David A. Dik, national executive director, Young Audiences Arts for Learning
June 13, 2010 | Read Time: 1 minute
Previous experience: Before accepting his new job at Young Audiences Arts for Learning, a New York group that sponsors arts performances and workshops for more than 7 million students annually, Mr. Dik, 49, served as managing director of the Metropolitan Opera Guild, in New York, where he spent 22 years. He also served as director of the Music-in-Education National Consortium.
Education: He holds a master of music degree from Westminster Choir College, in Princeton, N.J., and a bachelor’s degree in the same subject from the Crane School of Music at the State University of New York at Potsdam.
Duties: Mr. Dik will lead the organization, whose headquarters and affiliates run on about $40-million per year, as it organizes new programs, develops national partnerships, and seeks to expose more schoolchildren to the arts. He also, he says, hopes to “position the organization as a national policy voice.” He will replace Richard Bell, who is retiring in August after 37 years with the group.
Why he was hired: “David has a marvelous training and background in both music and education, but he also has wonderful management experience,” says Corinne Greenberg, the charity’s chairwoman. “For me, the most important thing is that he shares our passion for the mission, of making the arts part of every child’s life.”
Salary: Through a spokeswoman, Mr. Dik declined to reveal his compensation.
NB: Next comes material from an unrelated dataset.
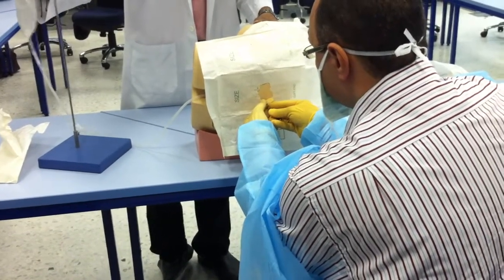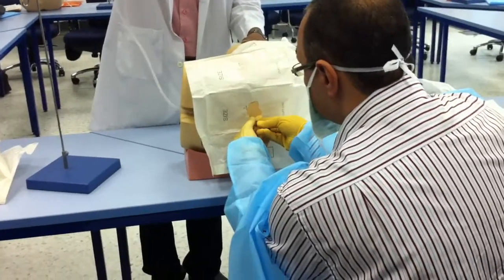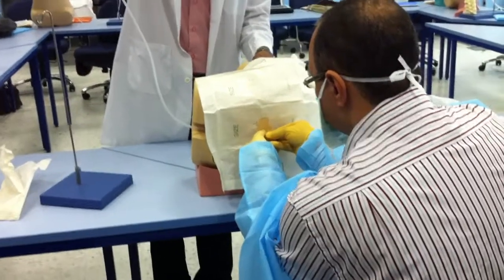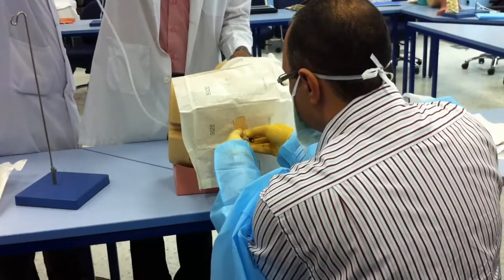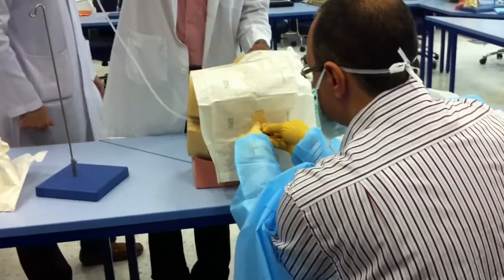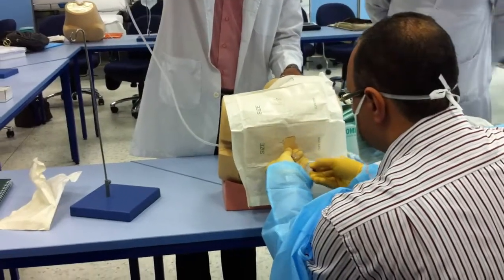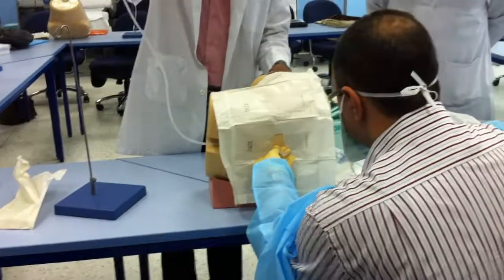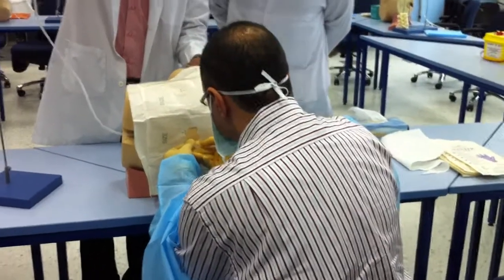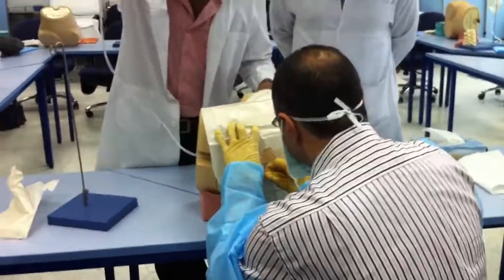The needle passes through the skin, subcutaneous tissue, supraspinous ligament, interspinous ligament, and ligamentum flavum, then through subcutaneous tissue again as it advances.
Favorite opera: Falstaff, by Giuseppe Verdi. The last opera written by the then 80-year-old composer, says Mr. Dik, “presents youthfulness, spirit, and of all things he ended the opera with a fugue, a style that was in effect 200 years earlier. I like the image of a composer who kept learning and kept listening and doing things different about his work. That’s also a great analogy for Young Audiences moving forward.”